# Sundown - 2/10/10



## Greg (Feb 11, 2010)

Good evening night. Wasn't the snow we hoped for, but the mountain picked up about 3" of good bonding snow which made the skiing a lot of fun. I got there a bit before 5 pm and skied with the crew right till closing.

In attendance was me, bvibert, o3jeff, madroch, MrMagic, mondeo and Chris Mo' from the ms.net board. He's got an account here, but I don't remember what he said his username was. We tooled all around the mountain. Far skier's left on Gunny along the woods was among my favorite. Due to the practice race course, it wasn't seeing much traffic, plus being a bit wind loaded, there was nice crud/shallow powder.

Nor'easter bumps were fun, Temptor is kind of a mess but okay, Ex bumps were fun and rippable. Found some binding deep powder on Canyon. Scored some buttery cord on it as well after the quick evening groom.

Got my Legends tuned by the rental shop this evening. Very nice job. Once they were ready, I never went back to the untuned Twisters. Overall fun to ski while the snow was falling. One beer break. Good company, good times. Not an epic powder night, but actually pretty damn good and very enjoyable despite the bust.


----------



## bvibert (Feb 11, 2010)

I had a great night tonight.  It would have been better if we got the snow that was promised, but it was still good none the less.
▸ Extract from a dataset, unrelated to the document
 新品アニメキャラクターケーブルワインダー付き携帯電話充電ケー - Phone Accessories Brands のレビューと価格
I started off on my mid-fats, which were good in the bumps, but pretty much sucked everywhere else.  Apparently I suck at tuning or something.  After a while I decided to pull my new Watea 94's out, I had been hesitating because I wasn't sure how they'd be in the bumps, and it wasn't exactly a powder day.  Once I started skiing them I wished that I had been on them all night.  They handled bumps almost as well as the mid-fats, and were also great everywhere else, especially Gunny.
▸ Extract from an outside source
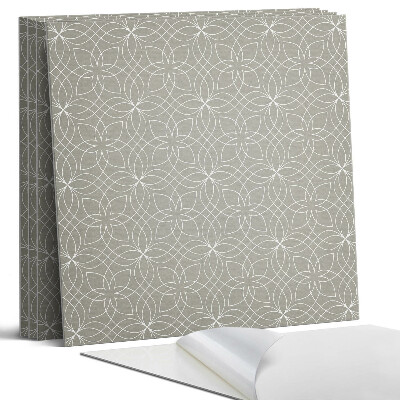 Panel dekoracyjny kwadratowy Geometryczny wzór kwiatów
Nice to meet Chris Mo' (Harkin Banks on this forum, IIRC) and get some runs in with him.  And of course the rest of the crew was, well, just as entertaining as ever.

I'm very happy that I was able to get out tonight.  I just wish the night would have lasted a little longer (or that the storm had started earlier).  I was not ready to leave when 10:00 rolled around.


----------



## mondeo (Feb 11, 2010)

I tried valiantly to record video to document this momentous occasion, but failed. Failed hard.

Almost as hard as I did when Madroch was videoing me.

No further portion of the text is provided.